BED BUGS
Beg bugs are about 1/4” to 3/8” long (about the size of an apple seed), brown to reddish blood-sucking insects with a flat, oval-shaped body. Bed bug young (nymphs) are smaller and translucent white-yellow in color while their eggs are tiny (about the size of a pinhead) and milky white in color. The female bed bugs deposit 1 – 2 eggs daily and can produce up to 500 eggs (one bed bug per egg) in its lifetime. Nymphs undergo five molts (leaving behind a tannish shell known as cast skins) before reaching maturity which generally takes about five weeks. They need a blood meal in between each molting stage. Since bed bugs are very resilient, they could survive several months without a blood meal especially at cooler temperatures. They have the potential to live up to a year without feeding at 55 degrees F or less.

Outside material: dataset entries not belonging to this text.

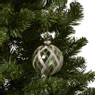 Kerstbal geruit - groen/goudkleurig - ø8 cm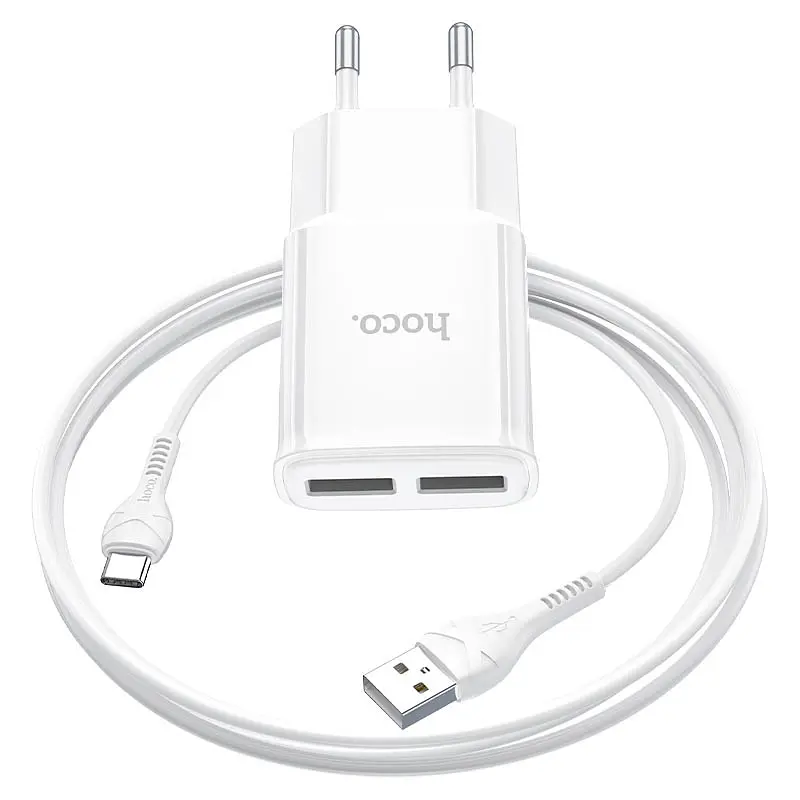 МЗП Hoco C88A Star round 2.4A (2USB-A) + кабель USB to Type-C Білий - фото 3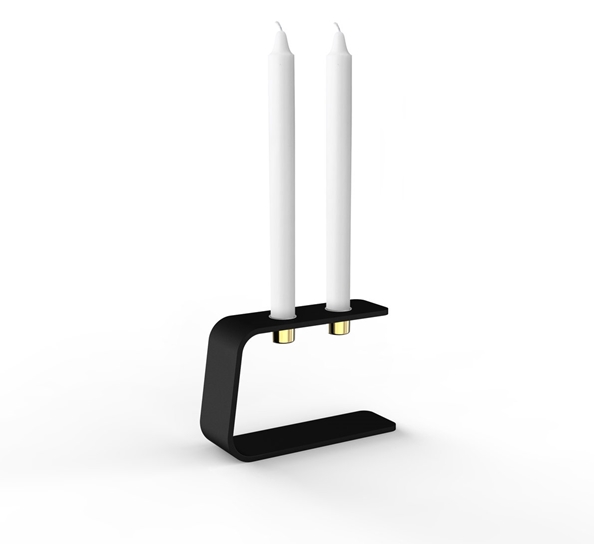 Vinkel 2 lysestake messing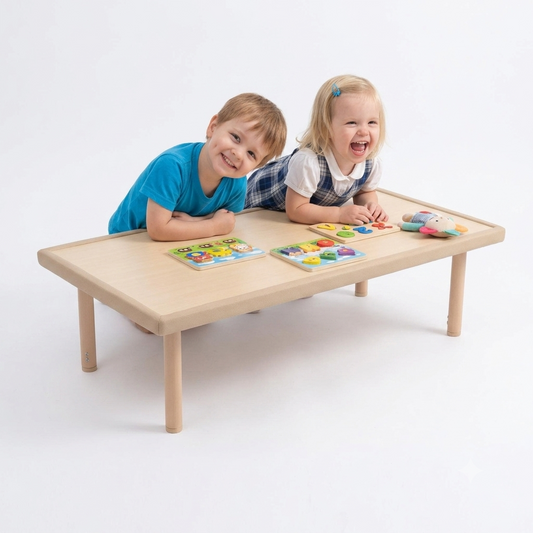 L126*W66*H36-45cm Protective Rectangular Table Height Adjuestable 安護系列-包邊實木桌長方桌-可調高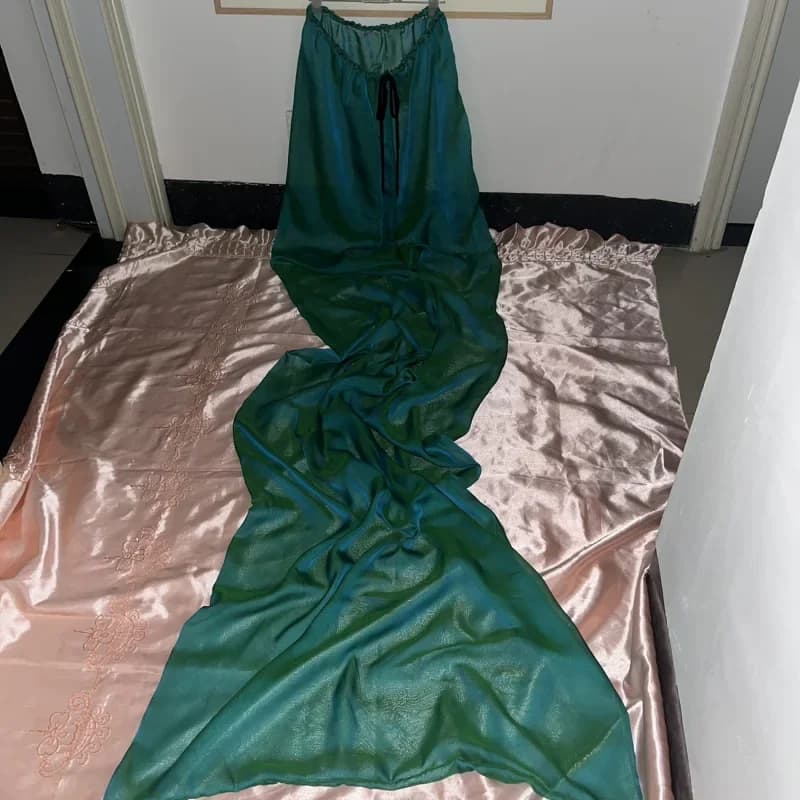 Couple High Gloss Soft Comfortable Thin Breathable Long Sleeping Bags Adults Smooth Mesh Sexy Loose Dress Wrap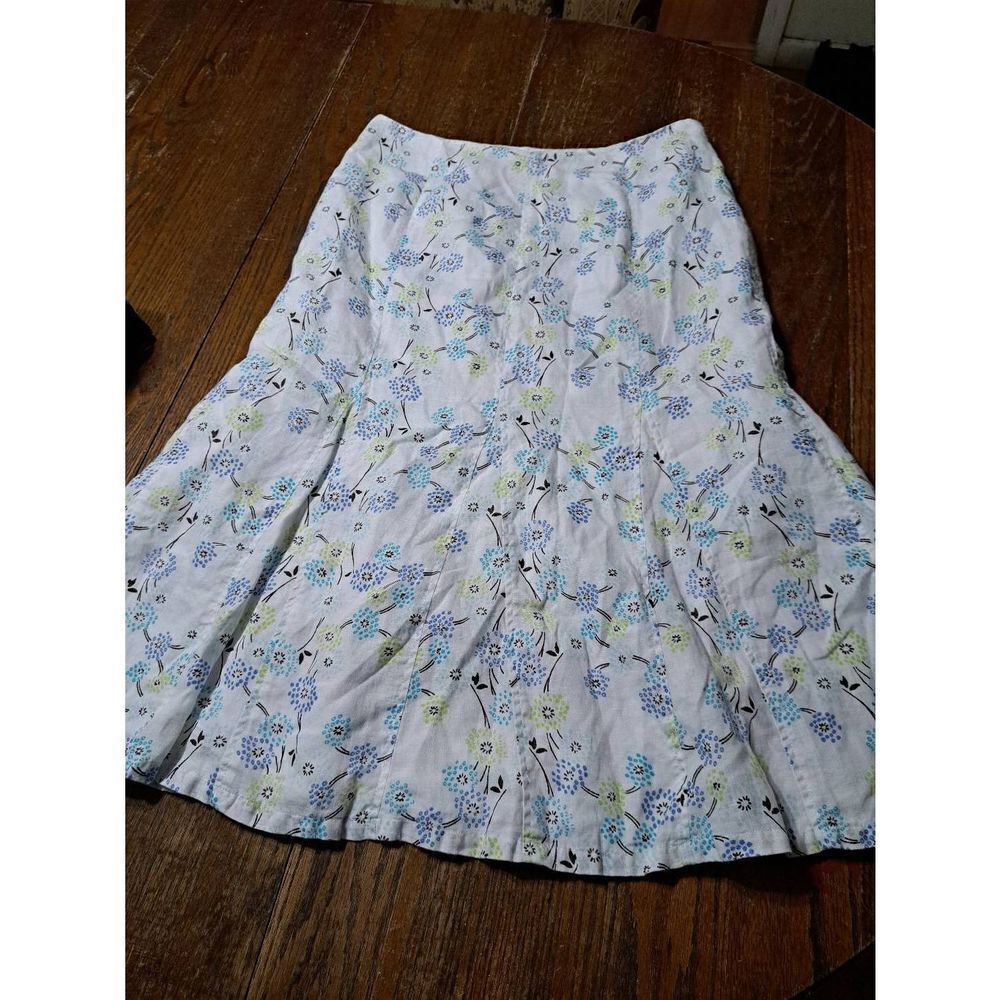 Size 10 Kim Rogers Linen Lined Floral Maxi Skirt Blue White Green Brown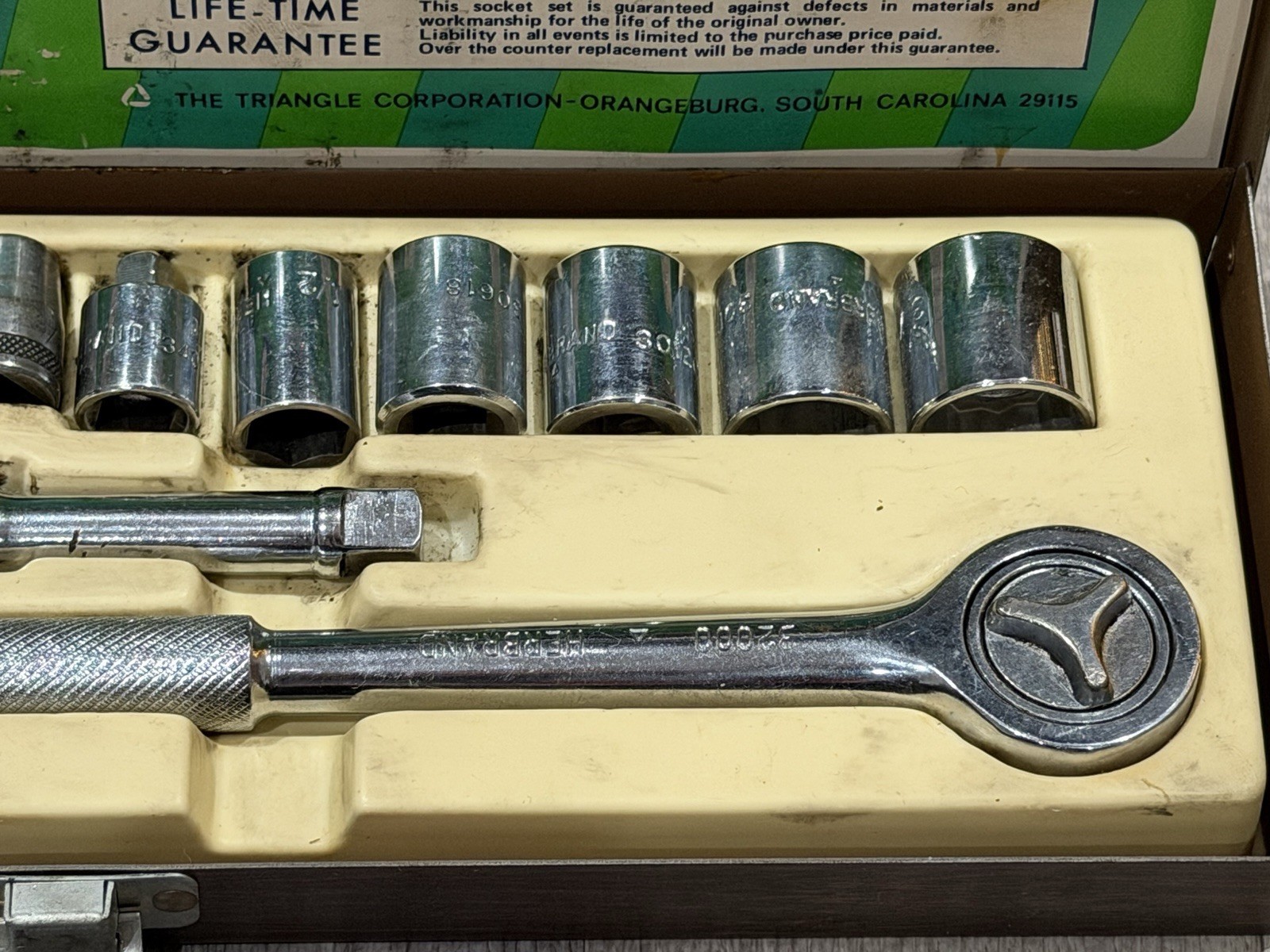 VINTAGE Herbrand 19PC 1/4” & 3/8″ Chrome Plated Drive Socket Set (09019)/USA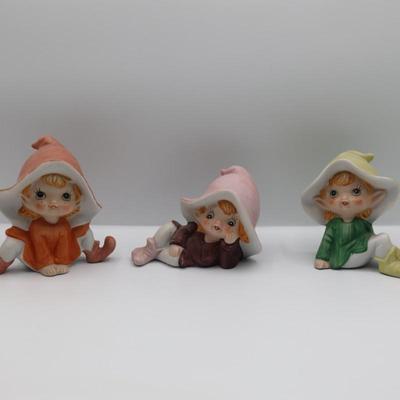 Pixies Vintage Homeco Ceramic 3 Figurines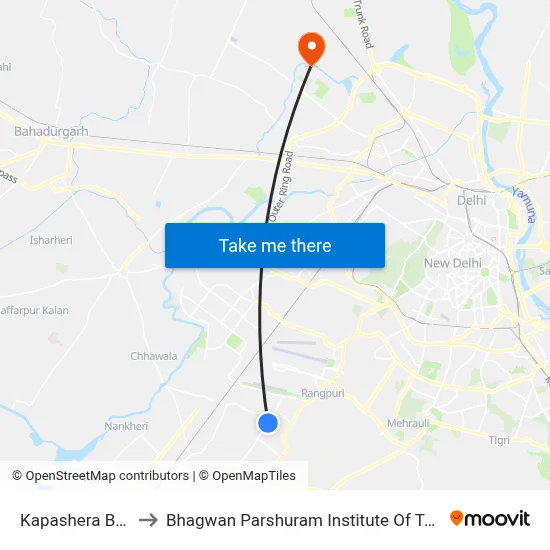 Kapashera Border to Bhagwan Parshuram Institute Of Technology map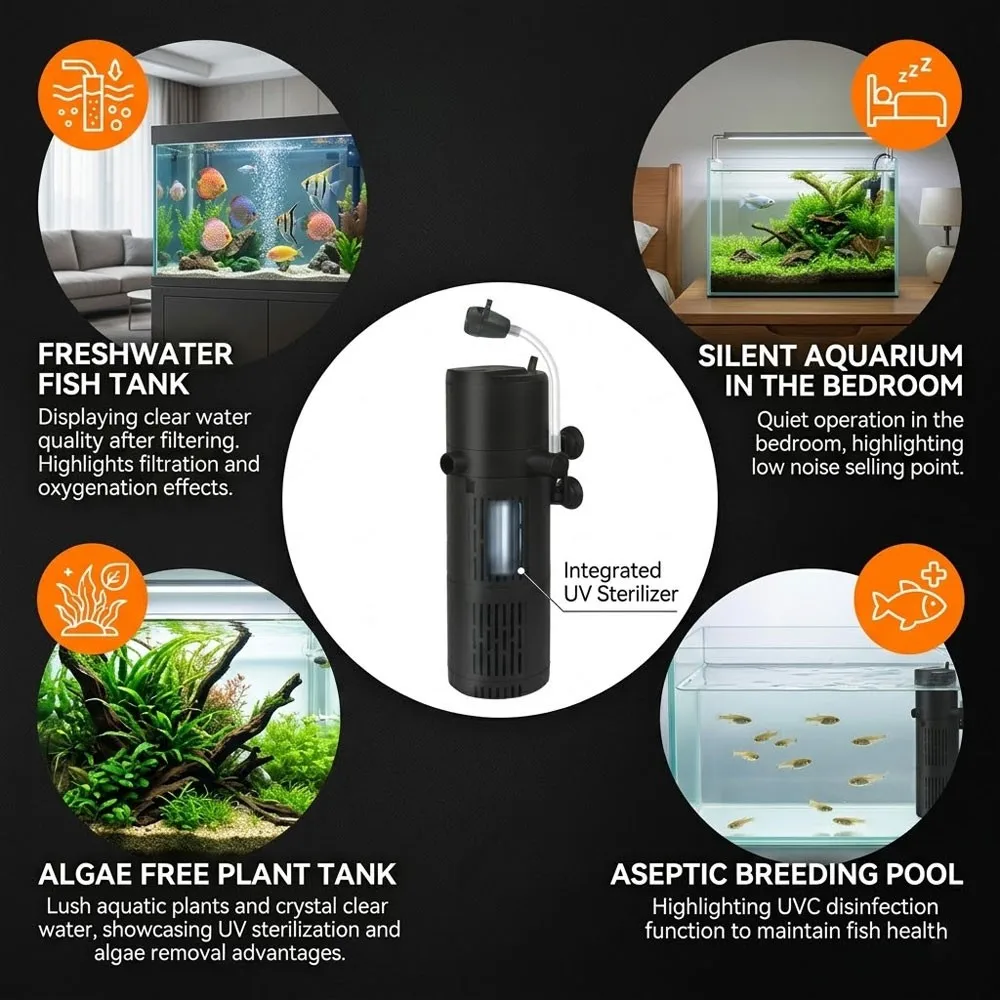 Filtro para Aquário com Bomba UV 1800 L/H Operação Silenciosa - Imagem 2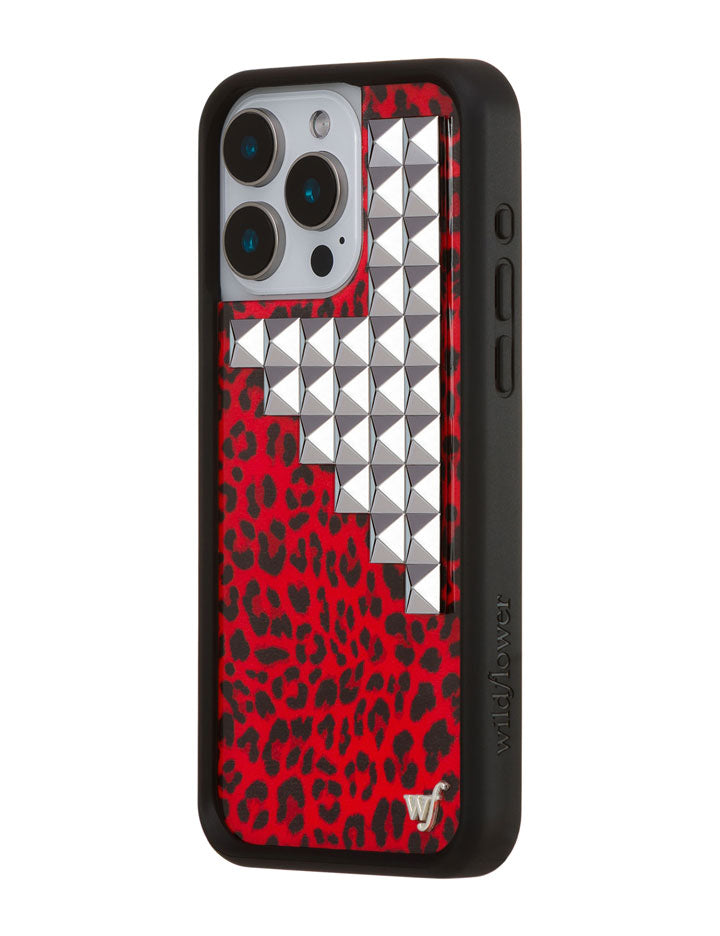 Wildflower iPhone case 15 Pro Max Red Meow Stud Cute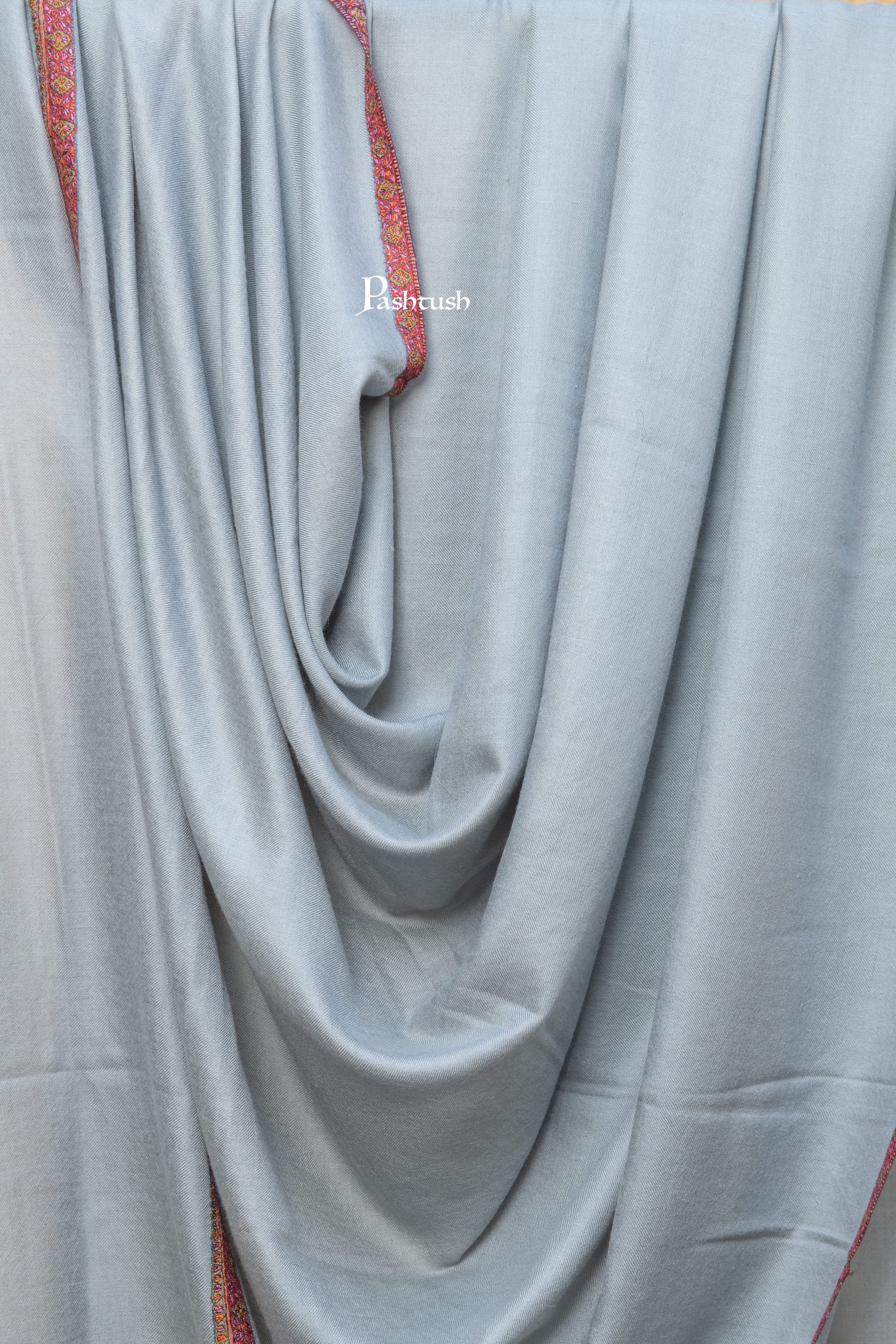 Pashtush India Mens Shawls Gents Shawl Pashtush Mens Pure Pashmina Shawl, Sozni Hand Embroidery, Hand Woven, Tonal Design, Grey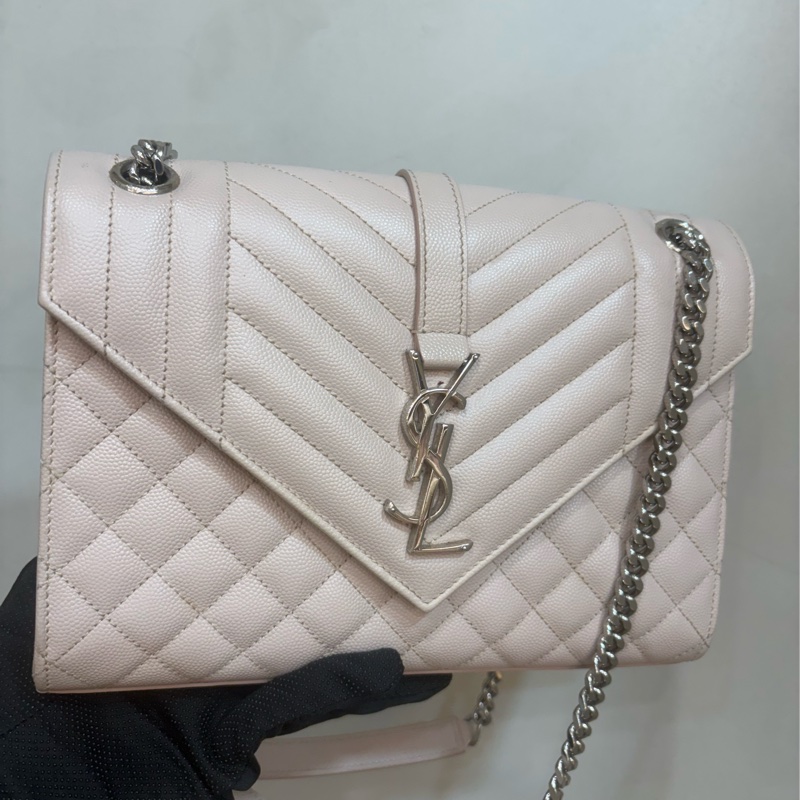 Ysl saint laurent envelop 雙鏈信封包 斜背包 粉色-0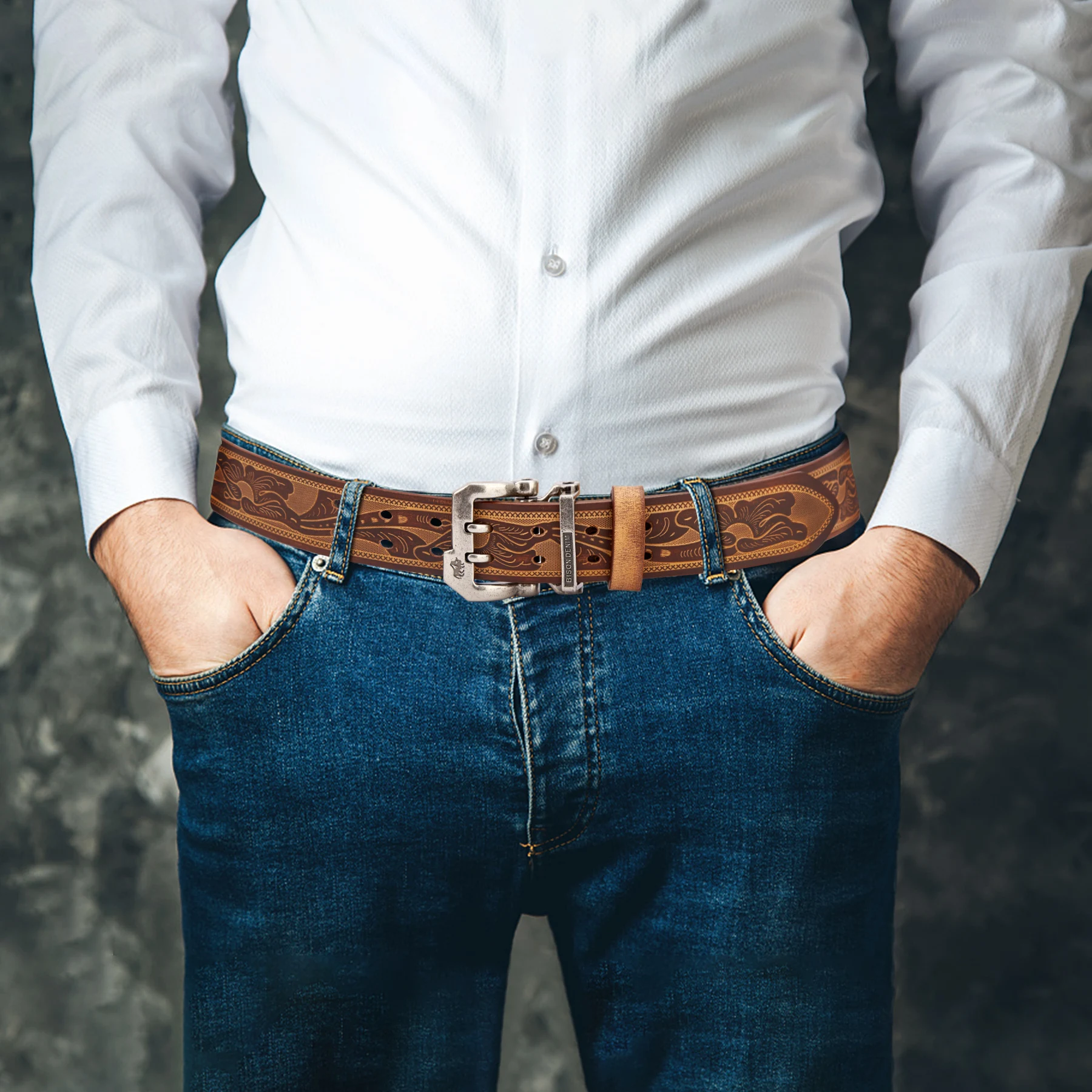 BISON-Cinturón de mezclilla para hombre, correa de cuero genuino de alta calidad, hebilla de Pin de lujo, elegante, Vintage, Jeans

Where Bed Bugs Hide – Bed bugs are very secretive by nature and prefer to hide in dark cracks and crevices especially close to where people sleep or spend a lot of time at rest such as seams around mattresses and box springs, wood frame of box springs, on bed frames, behind head boards, on ceiling/wall junctions, top along baseboards, behind pictures on the wall, couches, chairs, etc.
Evidence of a Bed Bug Infestation – Despite their secretive nature, bed bugs eventually leave evidence behind. Evidence includes seeing the actual live bed bugs, dark blood spots on bedding and/or any of the above mentioned hiding places, cast skins and egg or egg shells.